Miss-classification analysis#

In this example we analyze the miss-classifications of the random shapelet forest and the nearest neighbour classifier.

[1]:

import matplotlib.pyplot as plt
import numpy as np
from sklearn.decomposition import PCA
from sklearn.model_selection import train_test_split
from sklearn.neighbors import KNeighborsClassifier
from sklearn.pipeline import make_pipeline

from wildboar.datasets import load_dataset
from wildboar.ensemble import ShapeletForestClassifier, ShapeletForestEmbedding

random_state = 1234

First, we load a dataset and define the training and testing partitions.

[2]:

x, y = load_dataset("Car")
x_train, x_test, y_train, y_test = train_test_split(
    x, y, test_size=0.2, random_state=random_state
)

Next, we define a pipeline that projects the dataset to a 2-dimensional plane using the shapelet forest embedding and pricipal component analysis.

[3]:

f_embedding = make_pipeline(
    ShapeletForestEmbedding(sparse_output=False, random_state=random_state),
    PCA(n_components=2, random_state=random_state),
)
f_embedding.fit(x_train)
x_embedding = f_embedding.transform(x_test)

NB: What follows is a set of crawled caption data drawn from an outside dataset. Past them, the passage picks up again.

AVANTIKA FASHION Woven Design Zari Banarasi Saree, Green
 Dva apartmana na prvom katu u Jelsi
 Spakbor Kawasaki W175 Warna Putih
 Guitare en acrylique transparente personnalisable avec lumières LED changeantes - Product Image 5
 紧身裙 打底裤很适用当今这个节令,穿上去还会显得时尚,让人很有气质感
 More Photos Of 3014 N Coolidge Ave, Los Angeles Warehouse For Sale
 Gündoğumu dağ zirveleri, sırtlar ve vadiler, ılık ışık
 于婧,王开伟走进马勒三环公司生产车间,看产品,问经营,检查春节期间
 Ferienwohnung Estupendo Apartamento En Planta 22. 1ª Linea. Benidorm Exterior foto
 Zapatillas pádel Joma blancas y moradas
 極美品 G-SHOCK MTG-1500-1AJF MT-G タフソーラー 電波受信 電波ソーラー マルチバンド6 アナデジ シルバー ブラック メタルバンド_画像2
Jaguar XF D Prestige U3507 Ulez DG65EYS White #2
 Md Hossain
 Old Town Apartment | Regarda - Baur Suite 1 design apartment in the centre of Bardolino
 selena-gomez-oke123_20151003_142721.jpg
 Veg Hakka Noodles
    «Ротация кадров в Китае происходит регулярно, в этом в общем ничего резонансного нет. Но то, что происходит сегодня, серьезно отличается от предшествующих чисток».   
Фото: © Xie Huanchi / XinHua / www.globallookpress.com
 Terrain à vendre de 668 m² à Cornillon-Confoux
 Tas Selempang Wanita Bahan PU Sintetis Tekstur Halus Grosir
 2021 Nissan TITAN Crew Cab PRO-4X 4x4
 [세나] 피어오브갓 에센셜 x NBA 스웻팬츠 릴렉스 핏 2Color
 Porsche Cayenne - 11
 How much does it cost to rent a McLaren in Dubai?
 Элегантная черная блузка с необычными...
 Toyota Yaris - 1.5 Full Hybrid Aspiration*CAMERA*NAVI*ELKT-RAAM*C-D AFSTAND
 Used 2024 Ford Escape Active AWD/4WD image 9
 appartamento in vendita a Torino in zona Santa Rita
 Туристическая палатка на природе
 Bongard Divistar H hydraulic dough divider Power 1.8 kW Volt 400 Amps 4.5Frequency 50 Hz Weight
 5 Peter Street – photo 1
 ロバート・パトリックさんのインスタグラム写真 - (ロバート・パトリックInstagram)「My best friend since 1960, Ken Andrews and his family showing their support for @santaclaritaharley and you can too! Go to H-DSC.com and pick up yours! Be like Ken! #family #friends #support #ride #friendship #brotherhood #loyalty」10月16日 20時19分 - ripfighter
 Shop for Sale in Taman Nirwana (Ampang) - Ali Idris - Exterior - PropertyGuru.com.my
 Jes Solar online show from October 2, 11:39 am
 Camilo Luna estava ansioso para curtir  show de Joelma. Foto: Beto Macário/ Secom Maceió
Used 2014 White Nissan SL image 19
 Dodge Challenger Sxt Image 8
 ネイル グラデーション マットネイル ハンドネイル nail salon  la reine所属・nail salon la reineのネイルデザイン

Finally, we define the classifiers we want to train, test, analyze and plot.

[4]:

classifiers = [
    ("Shapelet forest", ShapeletForestClassifier(random_state=random_state)),
    ("Nearest neighbors", KNeighborsClassifier()),
]

classes = np.unique(y)
n_classes = len(classes)

fig, ax = plt.subplots(
    nrows=len(classifiers),
    ncols=n_classes,
    figsize=(3 * n_classes, 6),
    sharex=True,
    sharey=True,
)
for i, (name, clf) in enumerate(classifiers):
    clf.fit(x_train, y_train)

    y_pred = clf.predict(x_test)
    probas = clf.predict_proba(x_test)

    for k in range(n_classes):
        if i == 0:
            ax[i, k].set_title("Label: %r" % classes[k])
        if k == 0:
            ax[i, k].set_ylabel(name)

        ax[i, k].scatter(
            x_embedding[:, 0],
            x_embedding[:, 1],
            c="black",
            alpha=0.2,
            marker="x",
        )
        mappable = ax[i, k].scatter(
            x_embedding[y_pred == classes[k], 0],
            x_embedding[y_pred == classes[k], 1],
            c=probas[y_pred == classes[k], k],
            marker="x",
            cmap="viridis",
        )
        ax[i, k].scatter(
            x_embedding[(y_test[y_test != y_pred] == classes[k]).nonzero()[0], 0],
            x_embedding[(y_test[y_test != y_pred] == classes[k]).nonzero()[0], 1],
            edgecolors="red",
            linewidths=2,
            alpha=0.3,
            facecolors="None",
            s=70,
            marker="o",
        )


plt.tight_layout()
fig.colorbar(mappable, ax=ax, orientation="horizontal")

[4]:

<matplotlib.colorbar.Colorbar at 0x7fe0088bbaf0>

../../../_images/examples_notebooks_supervised_miss_classification_analysis_7_1.png

In the above figure, we see the time series as projected by PCA, colored according the predition probability of the corresponding label. Miss-labeled samples are circed in red.